*WORK ITEM:*
Give all of the listing again word for word, with images excluded.

DATA Block Start

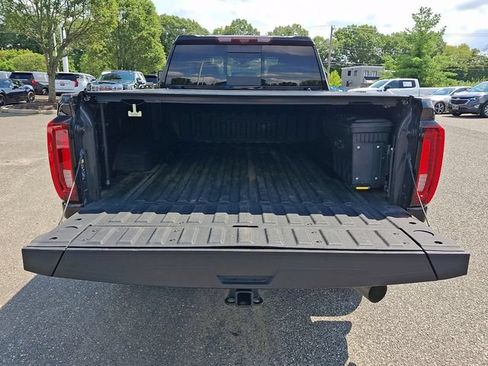 Used 2022 GMC Sierra 2500 Denali w/ Denali Black Diamond Edition AWD/4WD image 32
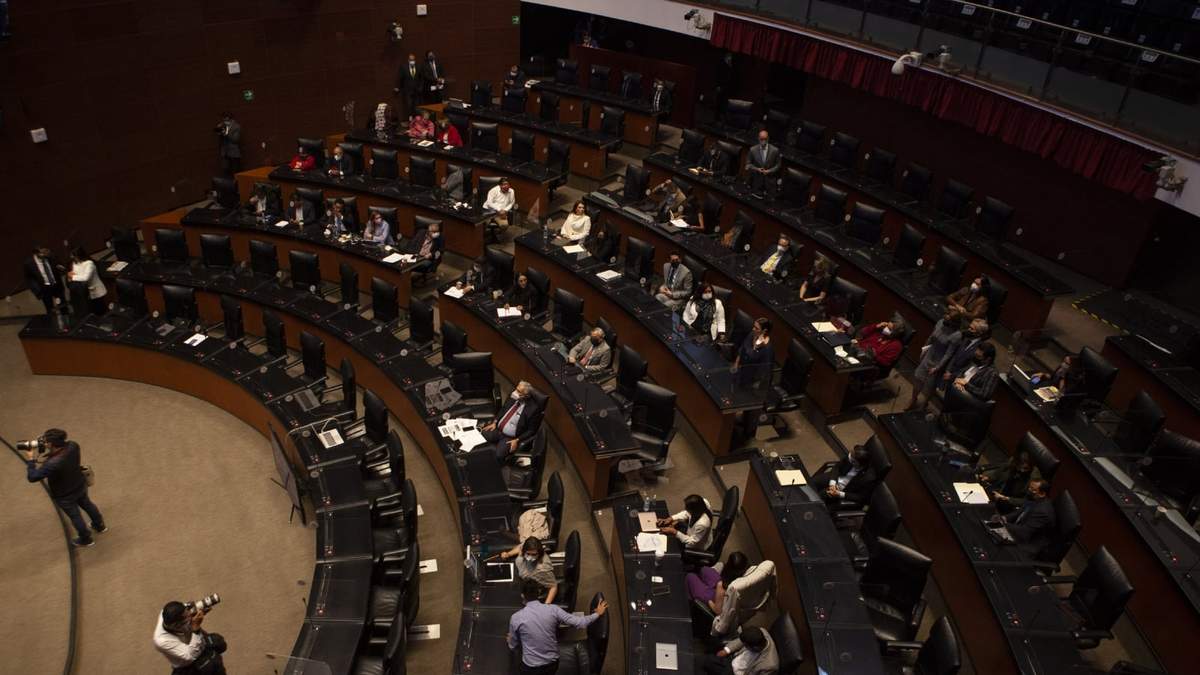 Sesión de la Comisión Permanente del Poder Legislativo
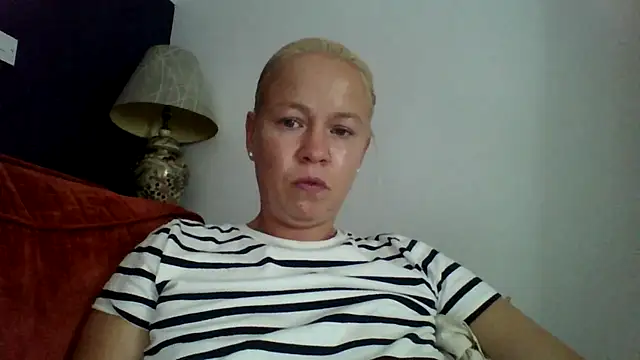 חדר צ'אט בשידור חי של jennyblondeuk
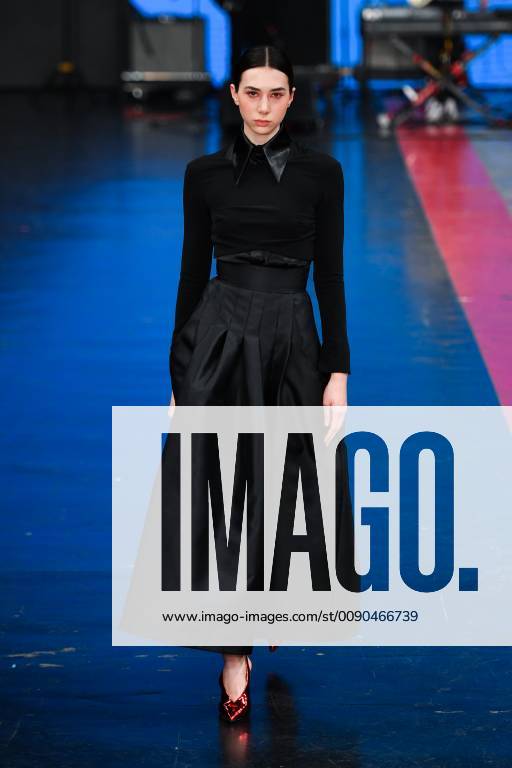 (190403) -- MEXICO CITY, April 3, 2019 (Xinhua) -- A model presents a creation at the Alexia Ulibarri Show during the Mercedes-Benz Fashion Week Mexico City in Mexico City, Mexico, April 2, 2019. (Xinhua Xin Yuewei) MEXICO-MEXICO CITY-FASHION WEEK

DATA Block End

*EXERCISE RESPONSE:*
 Used 2022 GMC Sierra 2500 Denali w/ Denali Black Diamond Edition AWD/4WD image 32
 Sesión de la Comisión Permanente del Poder Legislativo
 חדר צ'אט בשידור חי של jennyblondeuk
 (190403) -- MEXICO CITY, April 3, 2019 (Xinhua) -- A model presents a creation at the Alexia Ulibarri Show during the Mercedes-Benz Fashion Week Mexico City in Mexico City, Mexico, April 2, 2019. (Xinhua Xin Yuewei) MEXICO-MEXICO CITY-FASHION WEEK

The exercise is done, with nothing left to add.